Start of DATA FOR PROCESSING
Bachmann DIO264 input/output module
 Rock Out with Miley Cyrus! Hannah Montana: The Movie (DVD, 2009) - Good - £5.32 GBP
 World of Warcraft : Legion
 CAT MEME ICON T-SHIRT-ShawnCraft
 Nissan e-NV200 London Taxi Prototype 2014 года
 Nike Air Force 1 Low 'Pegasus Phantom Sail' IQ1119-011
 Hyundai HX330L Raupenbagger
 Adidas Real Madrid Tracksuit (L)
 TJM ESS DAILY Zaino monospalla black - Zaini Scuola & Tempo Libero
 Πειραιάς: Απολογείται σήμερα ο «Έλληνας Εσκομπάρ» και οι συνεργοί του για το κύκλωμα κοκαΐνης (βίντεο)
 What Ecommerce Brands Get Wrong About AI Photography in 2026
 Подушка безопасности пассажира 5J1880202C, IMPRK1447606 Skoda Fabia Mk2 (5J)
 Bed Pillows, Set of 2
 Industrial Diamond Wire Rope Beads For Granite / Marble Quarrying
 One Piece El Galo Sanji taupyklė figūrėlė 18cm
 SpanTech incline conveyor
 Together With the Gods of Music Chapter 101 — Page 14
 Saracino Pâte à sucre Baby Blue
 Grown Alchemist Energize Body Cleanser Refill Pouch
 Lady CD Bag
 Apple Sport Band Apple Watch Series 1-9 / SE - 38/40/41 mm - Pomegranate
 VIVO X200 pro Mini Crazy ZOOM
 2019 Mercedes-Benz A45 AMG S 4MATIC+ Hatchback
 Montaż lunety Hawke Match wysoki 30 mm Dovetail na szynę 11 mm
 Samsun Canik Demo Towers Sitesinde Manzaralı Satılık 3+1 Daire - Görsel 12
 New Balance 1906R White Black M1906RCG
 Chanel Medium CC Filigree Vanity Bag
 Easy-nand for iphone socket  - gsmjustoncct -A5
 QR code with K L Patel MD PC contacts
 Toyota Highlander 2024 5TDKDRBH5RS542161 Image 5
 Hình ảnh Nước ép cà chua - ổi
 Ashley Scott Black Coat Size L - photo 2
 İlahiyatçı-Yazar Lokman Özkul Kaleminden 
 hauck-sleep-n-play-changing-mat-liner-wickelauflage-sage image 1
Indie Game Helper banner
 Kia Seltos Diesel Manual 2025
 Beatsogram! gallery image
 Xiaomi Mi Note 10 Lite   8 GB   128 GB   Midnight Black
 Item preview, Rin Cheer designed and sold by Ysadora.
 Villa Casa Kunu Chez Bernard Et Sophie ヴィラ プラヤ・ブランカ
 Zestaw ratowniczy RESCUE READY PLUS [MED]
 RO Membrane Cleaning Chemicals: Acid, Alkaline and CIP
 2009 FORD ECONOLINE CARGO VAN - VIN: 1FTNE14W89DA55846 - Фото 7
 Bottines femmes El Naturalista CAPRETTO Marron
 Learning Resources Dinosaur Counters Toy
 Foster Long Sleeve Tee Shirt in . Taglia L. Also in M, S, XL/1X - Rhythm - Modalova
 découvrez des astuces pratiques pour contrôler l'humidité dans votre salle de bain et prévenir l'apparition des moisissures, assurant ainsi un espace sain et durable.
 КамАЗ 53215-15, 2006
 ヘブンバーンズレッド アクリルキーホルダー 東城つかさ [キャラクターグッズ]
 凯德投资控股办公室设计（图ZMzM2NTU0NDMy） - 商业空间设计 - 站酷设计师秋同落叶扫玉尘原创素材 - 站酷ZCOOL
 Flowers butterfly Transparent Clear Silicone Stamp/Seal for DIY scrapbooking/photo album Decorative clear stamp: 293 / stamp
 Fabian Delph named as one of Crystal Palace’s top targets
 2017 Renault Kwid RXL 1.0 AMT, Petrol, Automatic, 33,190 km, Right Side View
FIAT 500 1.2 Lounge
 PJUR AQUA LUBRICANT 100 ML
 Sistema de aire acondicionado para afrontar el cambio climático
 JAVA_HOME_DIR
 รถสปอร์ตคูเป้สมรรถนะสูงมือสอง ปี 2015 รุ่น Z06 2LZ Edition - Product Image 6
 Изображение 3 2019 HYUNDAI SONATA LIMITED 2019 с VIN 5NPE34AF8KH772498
End of DATA FOR PROCESSING
## WHAT YOU ARE ASKED TO DO
The output must consist solely of the lines from the first line of the records through the line containing "TJM ESS DAILY", reproduced exactly.

## REPLY
Bachmann DIO264 input/output module
 Rock Out with Miley Cyrus! Hannah Montana: The Movie (DVD, 2009) - Good - £5.32 GBP
 World of Warcraft : Legion
 CAT MEME ICON T-SHIRT-ShawnCraft
 Nissan e-NV200 London Taxi Prototype 2014 года
 Nike Air Force 1 Low 'Pegasus Phantom Sail' IQ1119-011
 Hyundai HX330L Raupenbagger
 Adidas Real Madrid Tracksuit (L)
 TJM ESS DAILY Zaino monospalla black - Zaini Scuola & Tempo Libero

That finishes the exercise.